The following ingredients have 12 Servings
  • 2 1/2 cups almond flour
  • 1/2 cup coconut sugar
  • 1 teaspoon baking soda
  • 1/4 teaspoon salt
  • 1/2 cup almond butter
  • 1/2 cup pure maple syrup
  • 1/4 cup unsweetened original almond milk
  • 2 teaspoons pure vanilla extract
  • 1/2 cup dried cranberries
  • 1/4 cup chopped shelled pistachios

Instruction

  • Preheat oven to 350°F. Line a baking sheet with parchment paper and set aside.

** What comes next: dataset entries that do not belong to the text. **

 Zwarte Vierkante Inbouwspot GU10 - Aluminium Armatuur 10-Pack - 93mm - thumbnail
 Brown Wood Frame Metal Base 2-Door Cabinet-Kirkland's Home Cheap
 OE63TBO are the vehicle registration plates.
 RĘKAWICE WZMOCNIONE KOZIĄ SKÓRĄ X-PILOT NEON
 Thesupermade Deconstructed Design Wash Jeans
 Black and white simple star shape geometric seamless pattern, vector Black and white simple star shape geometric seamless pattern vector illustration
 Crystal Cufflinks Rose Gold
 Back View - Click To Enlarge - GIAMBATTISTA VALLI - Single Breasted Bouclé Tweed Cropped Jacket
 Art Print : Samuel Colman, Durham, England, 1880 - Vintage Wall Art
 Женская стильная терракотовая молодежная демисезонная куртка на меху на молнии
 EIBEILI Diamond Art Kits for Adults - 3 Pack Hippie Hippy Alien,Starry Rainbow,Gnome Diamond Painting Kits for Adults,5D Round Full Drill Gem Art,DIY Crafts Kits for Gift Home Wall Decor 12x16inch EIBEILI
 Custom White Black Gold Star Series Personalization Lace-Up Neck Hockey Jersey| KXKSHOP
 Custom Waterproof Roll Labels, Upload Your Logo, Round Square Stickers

  • In a medium mixing bowl, whisk together the almond flour, coconut sugar, baking soda, and salt.
  • In a large mixing bowl, whisk together the almond butter, maple syrup, almond milk, and vanilla.
  • Stir the dry ingredients into the wet ingredients, making sure to scrape the bottom of the bowl to fully combine all the ingredients.
  • Stir in the cranberries and pistachios and mix well.
  • Scoop out 1-2 tablespoon(s) of dough and place onto the parchment lined cookie sheet. Leave a couple inches in between each scoop of dough because the cookies will spread.
  • Bake for 8 to 10 minutes until golden brown and the edges are set.
  • Transfer to a cooling rack to continue to cool completely. Repeat with any remaining dough.